Washington D.C. – Government watchdog Accountable.US released a new analysis of earnings data of the top ten U.S. apparel companies by market capitalization finding that they all raised consumer prices while collectively reporting at least $12.9 billion in increased profits during their most recent fiscal years for a total of $13.6 billion. These same companies also doled out $7.6 billion on shareholder handouts in their most recent fiscal years, with $3.9 billion more in planned handouts.
Big apparel are among the industries most unapologetic about charging their customers more during a fragile economic recovery, apparently just because they can. When many in the industry boast of being in better shape than even before the pandemic – reporting billions of extra profits and new rewards for investors – it’s obvious they didn’t need to mark up sticker prices for their customers to the degree they have. Consumers should remember that these companies known for fast fashion had a choice, and they chose to chase fast profits instead of slowing down costs at the retail end.”

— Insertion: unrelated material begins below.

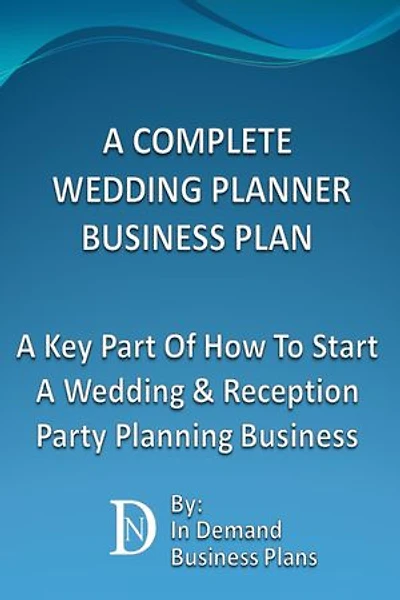 A Complete Wedding Planner Business Plan: A Key Part Of How To Start A Wedding & Reception Party Planning Business
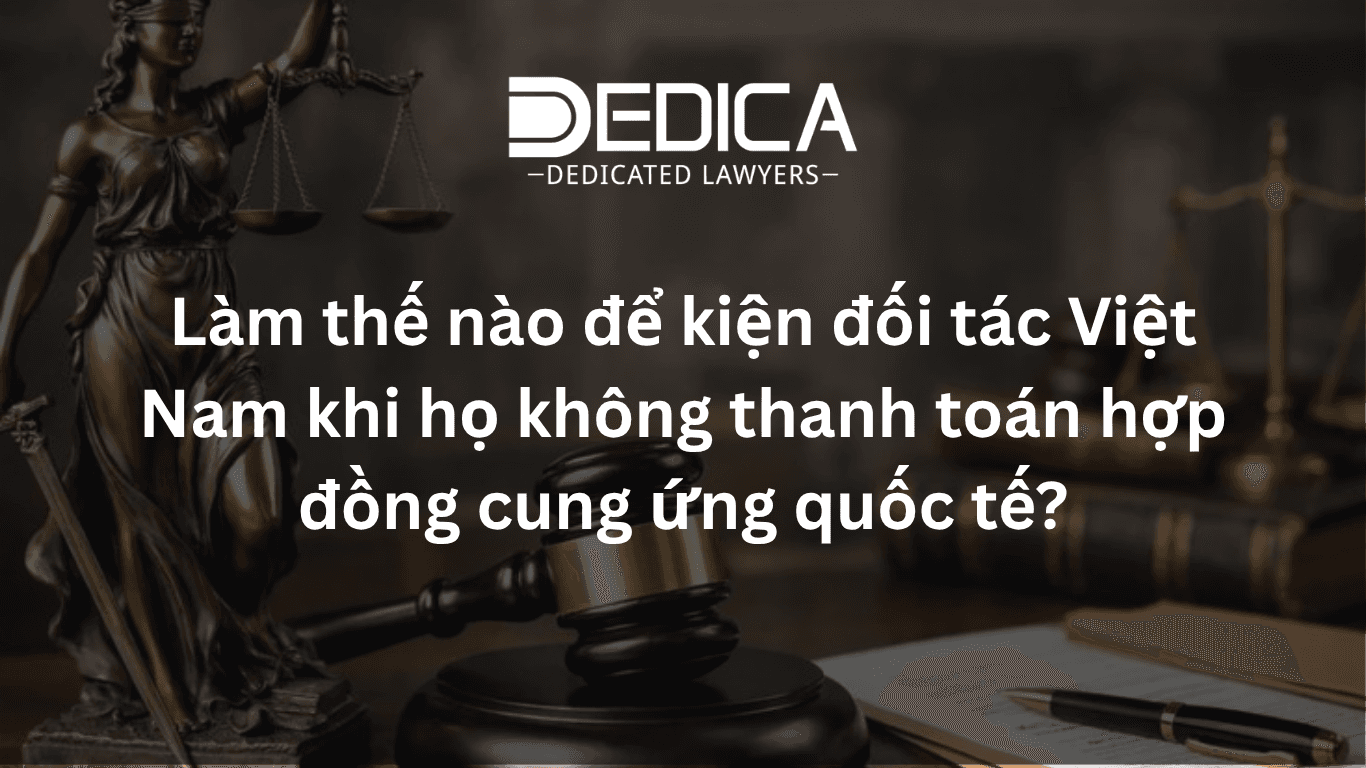 Làm thế nào để kiện đối tác Việt Nam khi họ không thanh toán hợp đồng cung ứng quốc tế?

Accountable.US president Kyle Herrig
The new analysis followed Accountable.US’ recent report digging into two major food categories — grocery and restaurants — under the CPI. The analysis found that the top-five companies within these two CPI categories all raised prices while collectively making at least $8.6 billion in extra profits during their 2021 fiscal years for a total of $38.7 billion. These same companies have also ramped up spending on stock buybacks and dividends by $11 billion year-over-year for a total of $37.6 billion.
- Nike, which highlighted the “strategic and financial” benefits of “full price realization,” increased its net income by 126% to $5.7 billion, doled out $2.3 billion on shareholder handouts, and saw its most recent quarterly net income soar to nearly $1.4 billion.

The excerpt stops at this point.